Dear Sasha,

I’m a 43-year-old, socially shy, inept, never-dated, no-girlfriend-ever, never-had-sex, living-at-home-with-Mom guy. Should I kill myself?

Not a solution, I know, but an ending, definitely. Tired of being a virgin, tired of my inability to “get into the game,” tired of psychiatrists, psychologists, counsellors, therapists, tired of generic advice and suggestions, tired of trying to feel good about myself, tired of being a joke.

The Reluctant Virgin

You are not a joke. You are one of millions of people struggling with love and intimacy to a radical degree. The biggest problem for those facing this challenge is the dearth of positive, common-sense information about involuntary celibacy.

How do we calmly and non-judgmentally integrate people wrestling with their sexual identities in such a fundamental way into the broader sexual culture? The degree of shame attached to this is completely out of proportion and leads to secrecy and humiliating roadblocks.
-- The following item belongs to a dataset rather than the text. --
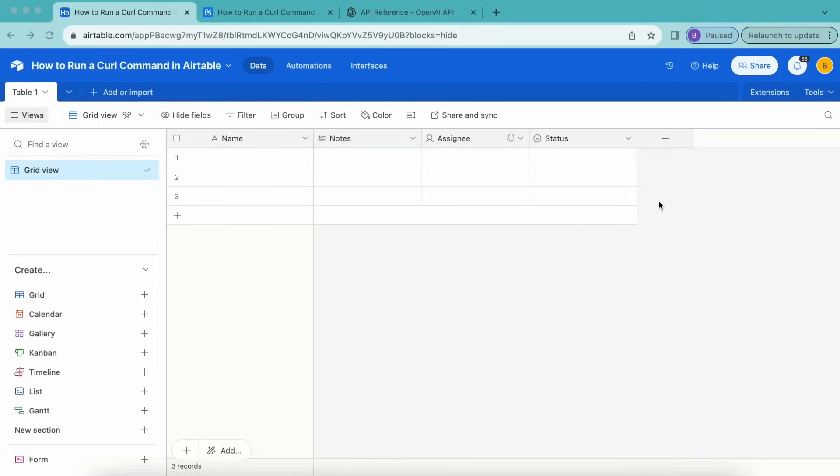Hello and welcome. Today we're going to learn how to run a curl command in Airtable using the free Data Fetcher extension. This allows you to connect to any REST API and import external data into Airtable.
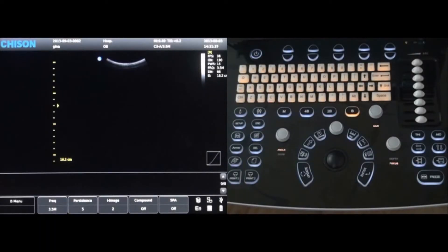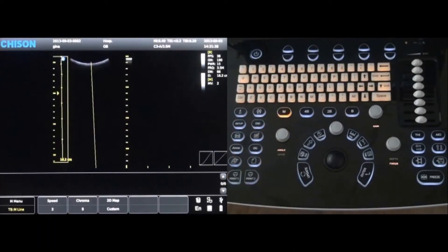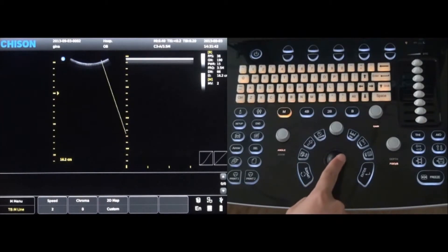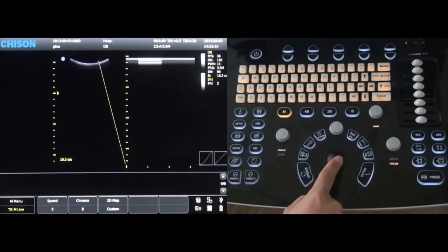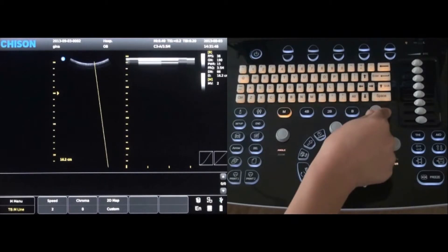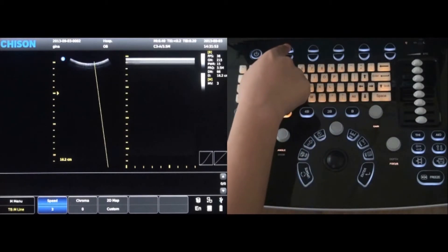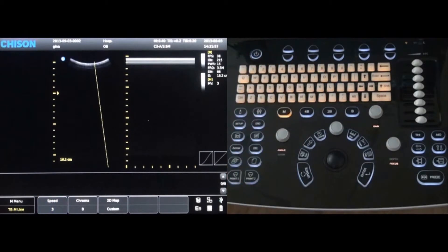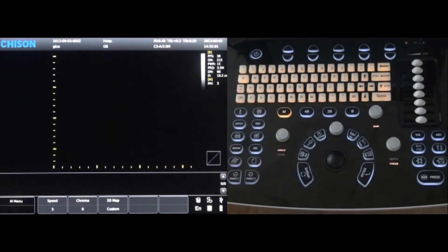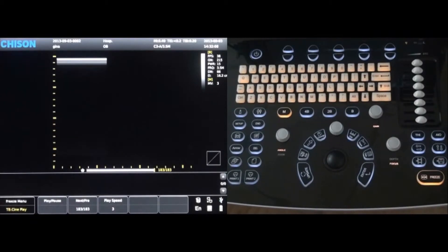To enter M mode, press the M key. By moving the trackball, the M cursor position can change. The gain can be adjusted by rotating the gain key. The first key at the top of the keyboard will adjust the M mode scanning speed faster or slower. By pressing the M key again, the image will be shown on the entire screen for a larger visual. Simply press the freeze key when the desired image is shown.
We have education systems in place for adults to catch up on many important social cues and milestones, so where the hell are our adult sex ed classes? It seems the only “educators” visible in this field are attempting to profit from your shame by attaching anger to it, suggesting you cultivate some mysterious “killer instinct,” as though you’d been deliberately deprived of sex and now must treat prospective mates as quarry rather than a partners.
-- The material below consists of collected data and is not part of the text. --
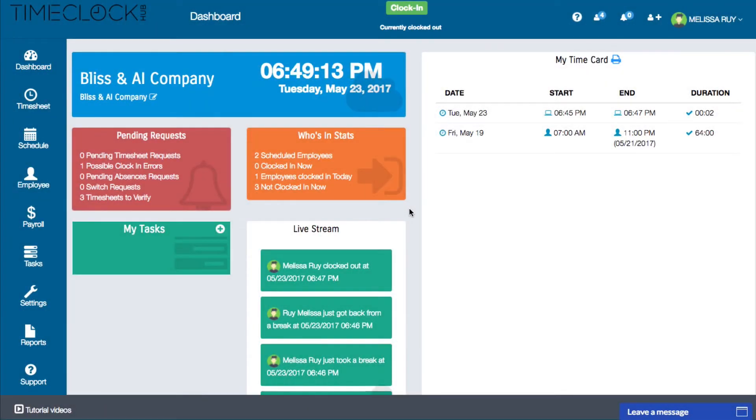Hi everyone, Heather here with Time Clock Hub. In this video, I'll be showing you how you can easily clock in and clock out.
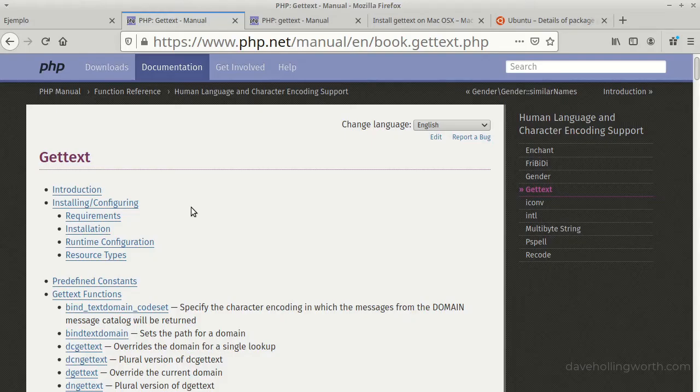To use getText from PHP, the getText extension has to be installed and enabled. It's likely that it already is, so I suggest trying to run the code we're going to write in this video first, then if you get some errors, you can install and or enable the extension.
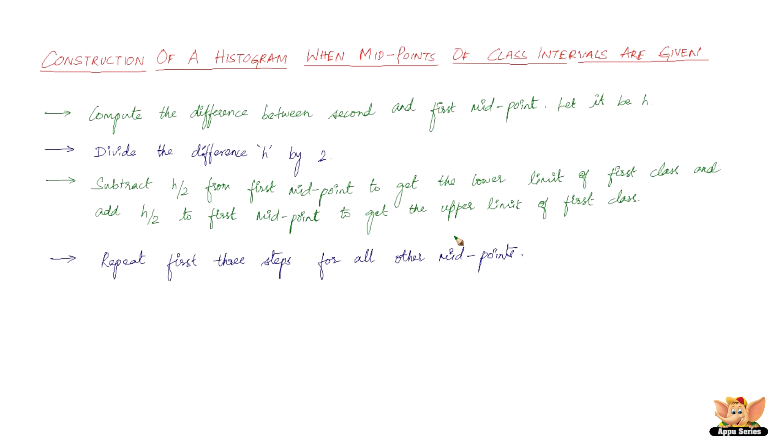Now after ascertaining the lower and upper class limits of different classes from the given midpoints, we construct the histogram by the procedure explained earlier. The forthcoming videos will illustrate the above procedure.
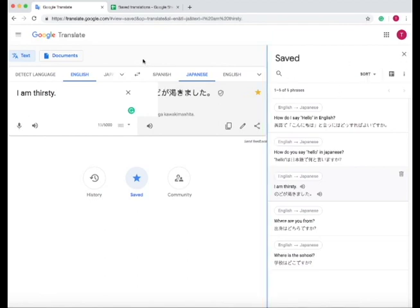Any time that you come onto Google Translate, any phrases that you've ever saved are going to be in your saved phrases.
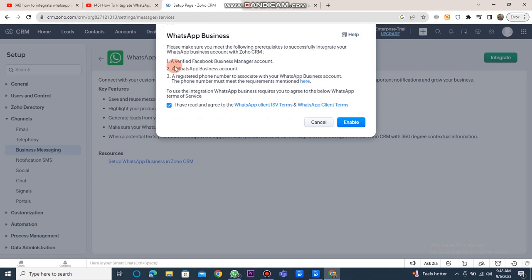After clicking it, you must meet these three conditions: Have a verified Facebook Business Manager account. Have a WhatsApp business account. Have a registered phone number to associate with your WhatsApp business account. The phone number must meet the specified requirements. Once these conditions are met,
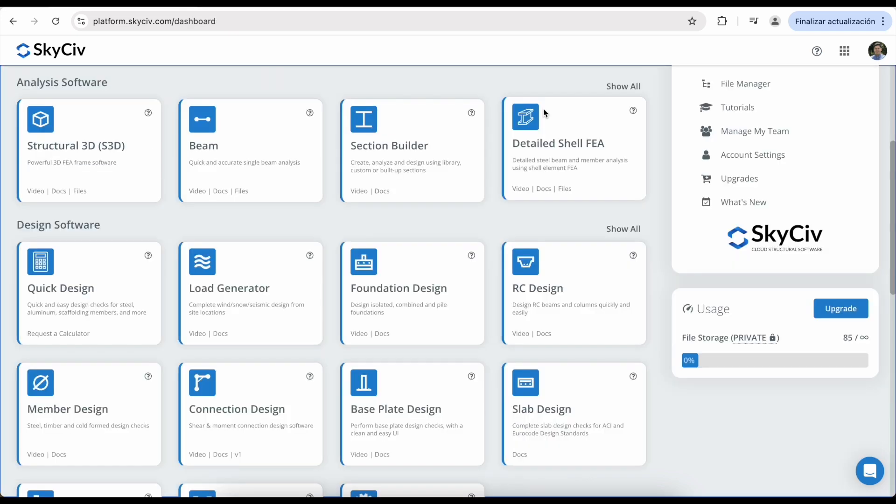That will wrap up this quick onboarding video of the foundation design module. Make sure to check out our software documentation for more in-depth information.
I say this with great confidence, Virgin: you can change your life, but you must be willing to take it in hand by integrating yourself into a sex culture that is affirmative and well-informed and by having a vested interest in your health and pleasure and that of your partners.
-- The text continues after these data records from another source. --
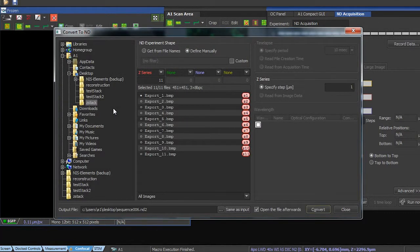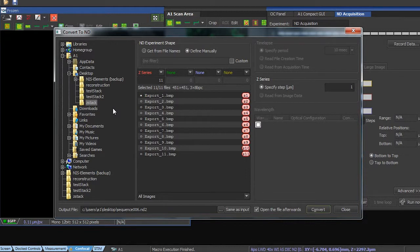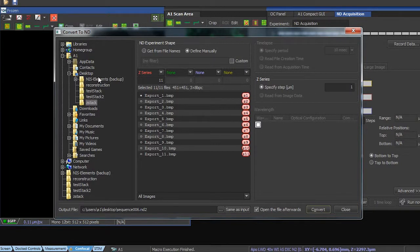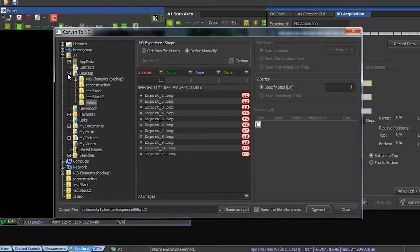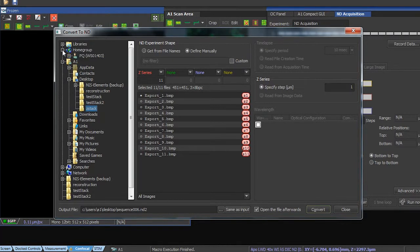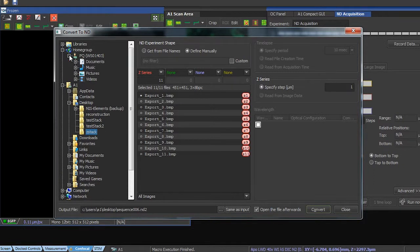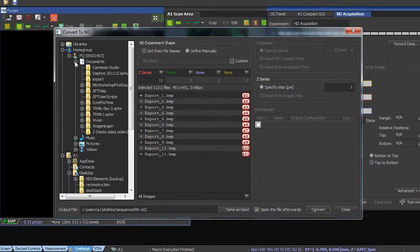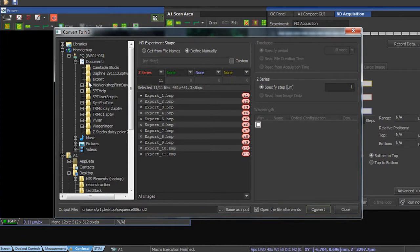And here, I have to get my data, which are actually in the PicoQuant computer. Both computers are connected through a home network. So I go to home group to access the PicoQuant computer. And here, under documents, I should find my folder that I have named export, which is up here.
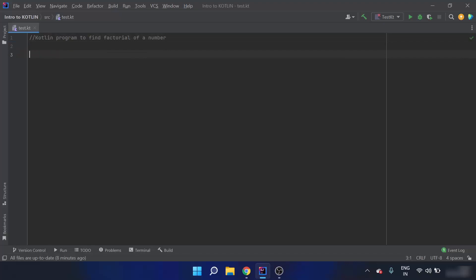So what is a factorial? The factorial of a number n, written as n!, is equal to 1 × 2 × 3 × 4 and so on up to n.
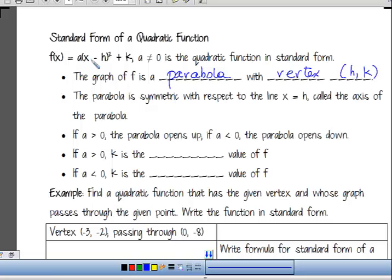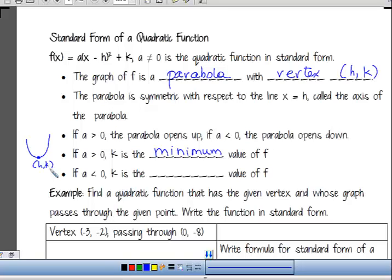If A is greater than zero, K is the minimum value. When A is greater than zero, our graph opens upward, so the vertex has coordinates H, K, making K the minimum value. We'll talk about that a lot, and it's very important in elementary calculus. If the parabola opens upward, the vertex is a minimum point. If the parabola opens downward — which happens when A is less than zero — then the vertex gives us the maximum point.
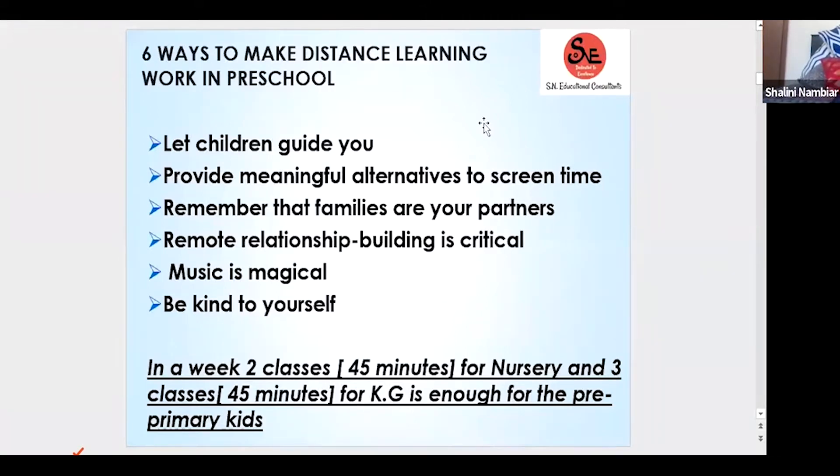Remote relationship building is critical. How do you build a remote relationship? I would recommend a 45-minute class on Monday and Friday — give children time, let parents do some work too. There is a beautiful poem where in the first verse the teacher says 'my child' and the parent says 'my child,' and in the second verse both say 'our child.' We cannot teach kids if both parent and teacher don't collaborate.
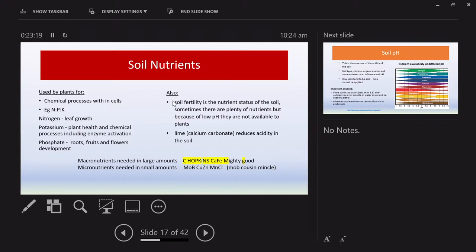Those are the nutrients plants need in large amounts and that should be present in large amounts in your soil. Micronutrients are still essential but needed in smaller amounts. The mnemonic to remember them is 'Mob Cousin Minkle' — molybdenum, boron, copper, zinc, manganese, and chlorine. If you can remember those and include them in your exam, that will definitely push your answer toward merit and excellence level of understanding.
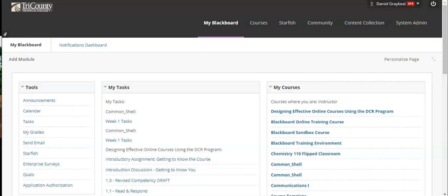Over the next few minutes I'm going to show you how to create assignments in Blackboard through the Tri-County Technical College online Blackboard LMS.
Many sex shops have a variety of workshops. Why not suggest to your local ones that they try some basic adult sex ed? It’s difficult to connect with sex surrogates in this country, but go to the Board of Examiners in Sex Therapy and Counselling in Ontario (bestco.info) and see if you can’t talk to a shrink who may have one on his or her roster. Many sex workers are also great with first-timers. Peruse the independents on the Toronto Escort Review Board and look for one to guide you through some basics.

God and the Straight

Dear Sasha,

I am 42, and my wife is 37. We have been married 12 years. We never had a great sex life. I have always suffered from premature ejaculation because of our once-or-twice-a-month sexual activity. Here is what our problem is:

1. My wife takes a very long time to reach orgasm, usually about an hour with oral stimulation, although she prefers vaginal intercourse over oral. If I try vaginal intercourse, the only way she can have an orgasm is by laying down flat on her back with me on top, but then she has to squeeze her legs to achieve orgasm in this position. It becomes hard for me to penetrate her, while she expects a good half-hour of penetration in this position. If I try any other positions, she doesn’t feel much. I’m an average 6 inches. Maybe size is an issue. Sometimes I remark to her that she definitely needs a bigger size, and she laughs. She hates toys, never even wants to try them.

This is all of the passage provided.